Don't Underestimate OLS & Intuition!
Amongst all the modeling tools available, Ordinary Least Squares (OLS) is often overlooked, as it is overshadowed by the more glamorous and seemingly more comprehensive models. In fact, depending on the application, OLS offers better performance with much less complexity, making both more efficient and interpretable. With the application of domain knowledge and critical thinking in feature selection, you can get results that outperform more complex models and produce greater business insight. To demonstrate this, we have applied various modelling techniques on the housing dataset from Ames, Iowa and analyzed the results.
Methods
While pre-processing and reviewing the data, we added the following features to the dataset: time since the home was built, time since the garage was built, and time since the home was remodelled. We optimized various modelling techniques, including, Ordinary Least Squares (OLS), Feasible Generalized Least Squares (FGLS), Ridge & Lasso regression, Random Forests, and XGBoost. We first tried OLS to establish a benchmark and to see its limitations under the assumption that the data was homoskedastic. Since we identified that at least some of the features were in fact heteroskedastic but could not identify which ones or whether the variables that were omitted were important, we applied FGLS to account for this. Penalized models, ridge and lasso regression helped us to get an understanding of the features. To further understand feature importance we applied Random Forests and XGBoost.

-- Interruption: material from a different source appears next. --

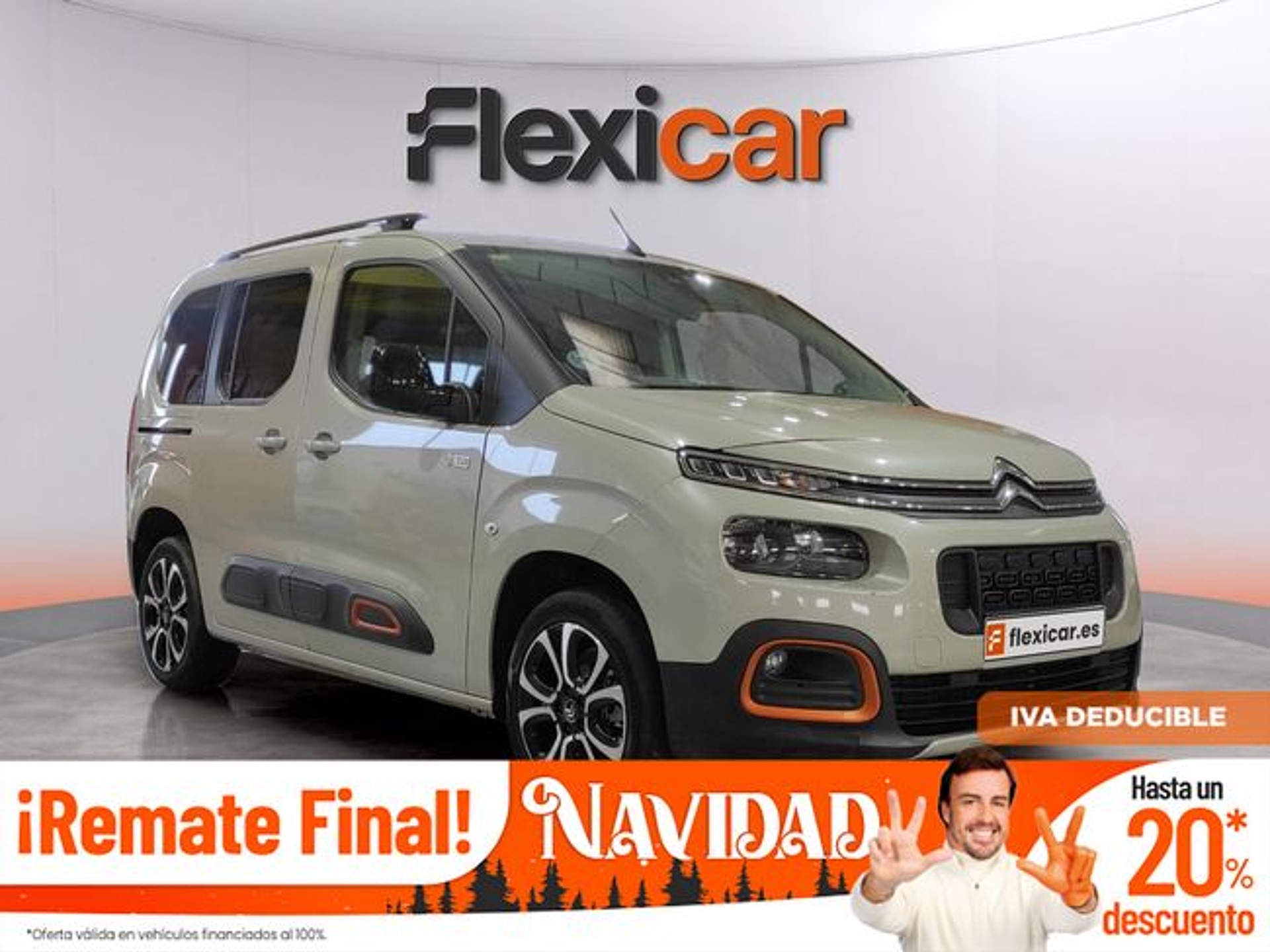 Imagen de CITROEN Berlingo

We considered the feature importance from the models based on correlation, coefficients, significance of the p-values, and the feature selection within the penalized models, as well as the tree based models. However, we also carefully assessed the features from a more subjective and intuitive perspective based on domain knowledge.
Analysis & Results
Often cited in real estate, βlocation, location, locationβ is said to be the most important factor in the value of a home or property. However, our models applied much less importance to the neighborhood of the home. This was one major feature which we knew intuitively that was important, but the models were not picking up, so we decided to explore further.
Below are three graphs that illustrate the relationship between the sale price, neighborhood and three other features: Kitchen Quality, Basement Quality, and Zoning.
FIGURE 1: SALE PRICE VS NEIGHBORHOOD & KITCHEN QUALITY
As shown in figure 1 above, the homes which were in the more expensive neighborhoods generally had excellent quality kitchens.
FIGURE 2: SALE PRICE VS NEIGHBORHOOD & BASEMENT QUALITY
As shown in figure 2 above, the homes which were in the more expensive neighborhoods generally had excellent quality basements.
FIGURE 3: SALE PRICE VS NEIGHBORHOOD & ZONING
As shown in figure 3 above, the homes which were in the more expensive neighborhoods generally were in βResidential Low Densityβ zones
These graphs, among other variables, demonstrate that the neighborhood actually plays a bigger role than our models tended to describe. Therefore, the neighborhood was certainly one of the most important features.
FIGURE 4: FEATURE IMPORTANCE
As shown above, neighborhoods were not among the most important features within the Random Forest and XGBoost models. However, when the neighborhood feature was included in a 5 variable OLS model, this model outperformed the Random Forest based on test set RMSE as shown below in figure 5. It also performed relatively well compared to other models with many more variables. This 5 variable model used log(sale price) based on:
1) overall quality, 2) neighborhood, 3) log(above ground living area SF), 4) basement quality, 5) time since remodel. 84.4% of variation in sale price is explained by this 5 variable model.
FIGURE 5: MODEL RESULTS
As shown above in Figure 5, our best performing model was still a linear regression model, Feasible Generalized Least Squares (FGLS), with 27 variables. For this model, we used a stepAIC function and manually selected variables to reduce AIC. FGLS was used because it improved upon the OLS model by accounting for heteroskedasticity, potential outliers in the data, and limiting the effects of omitted features. This model outperformed the penalized models as well as the tree based models. Nevertheless, the OLS 5 variable model is simpler, more interpretable, and can be transferable to a comparable city performed relatively close to the FGLS model. Therefore, you should never underestimate OLS and domain knowledge when optimizing models as a data scientist!